The re-affirmation comes a week after Rowley visited Scotland to take part in the COP26 climate summit.
“While the energy sector will continue to be the mainstay of the economy of TT, we are mindful of the need to transition to a low-carbon economy. It is a journey that we intend to pursue and in alignment with goals and objectives of our energy stakeholders. As a valued stakeholder, the Government looks forward to the collaboration with Shell and all others on the country’s energy transition.”
Until train osne is restructured, Rowley said there are still bright spots, with new discoveries of oil and gas and existing exploration and production in other hydrocarbon projects. Among such projects are the BPTT Cassia and Shell Colibri projects, which are expected to come on stream next year. The successful completion of the ALNG restructuring effort will be critical for those projects, including Manatee.
“On implementation, these gas projects will help in alleviating the current natural-gas concerns of the domestic downstream industry and the LNG producers.

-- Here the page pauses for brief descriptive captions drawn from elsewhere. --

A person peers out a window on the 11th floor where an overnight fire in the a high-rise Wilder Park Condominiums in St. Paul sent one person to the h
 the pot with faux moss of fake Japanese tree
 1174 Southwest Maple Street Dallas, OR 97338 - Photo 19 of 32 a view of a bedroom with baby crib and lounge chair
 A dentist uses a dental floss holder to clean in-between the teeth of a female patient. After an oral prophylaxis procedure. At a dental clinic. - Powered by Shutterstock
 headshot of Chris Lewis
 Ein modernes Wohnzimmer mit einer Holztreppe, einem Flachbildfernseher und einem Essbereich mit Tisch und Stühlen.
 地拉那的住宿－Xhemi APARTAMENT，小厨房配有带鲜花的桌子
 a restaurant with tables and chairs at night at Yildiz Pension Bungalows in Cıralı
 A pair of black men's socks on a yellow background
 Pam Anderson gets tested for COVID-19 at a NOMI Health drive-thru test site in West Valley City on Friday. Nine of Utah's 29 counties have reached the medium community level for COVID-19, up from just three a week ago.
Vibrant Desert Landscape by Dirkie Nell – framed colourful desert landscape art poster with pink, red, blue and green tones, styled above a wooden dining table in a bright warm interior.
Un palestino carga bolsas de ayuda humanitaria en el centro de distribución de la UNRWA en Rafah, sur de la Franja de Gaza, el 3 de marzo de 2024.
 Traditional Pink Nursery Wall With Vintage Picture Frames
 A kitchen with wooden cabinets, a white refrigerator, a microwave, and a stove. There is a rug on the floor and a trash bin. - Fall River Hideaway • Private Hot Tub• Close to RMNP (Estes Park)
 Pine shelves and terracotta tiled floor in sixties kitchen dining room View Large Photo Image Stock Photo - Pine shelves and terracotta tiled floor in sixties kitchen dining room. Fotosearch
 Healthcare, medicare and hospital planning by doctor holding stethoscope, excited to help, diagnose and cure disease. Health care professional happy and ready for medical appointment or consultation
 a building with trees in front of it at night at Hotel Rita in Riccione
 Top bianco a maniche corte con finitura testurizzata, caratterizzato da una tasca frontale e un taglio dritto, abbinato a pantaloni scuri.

"However, the key to reducing or eliminating any gas shortfall in the medium term is the approval of the current unsanctioned projects. The Government is engaging the upstream companies on the approval of the unsanctioned projects and we are prepared to facilitate the companies to achieve this objective. Our recent meetings in London leave us very optimistic that more projects of current interest will be sanctioned as we go forward into the near and medium term.”
Rowley said gas projections show an increase in 2024, then a brief decline before rebounding in 2026/2027. He said that is the reason there is a need to accelerate the approval of unsanctioned projects.
The restructuring of ALNG, Rowley said, is anticipated to bring the four trains under the umbrella of a unified entity. This, he said, will be a more efficient arrangement for managing operations. He added that the government will benefit from an increased shareholding in the unified entity.
“Overall gas supply and international market conditions saw a number of petrochemical plants being taken offline, and Train One was negatively impacted. The shareholders are engaged in discussions with a view to making a determination of the future of Train One by the end of the first quarter calendar year 2022.”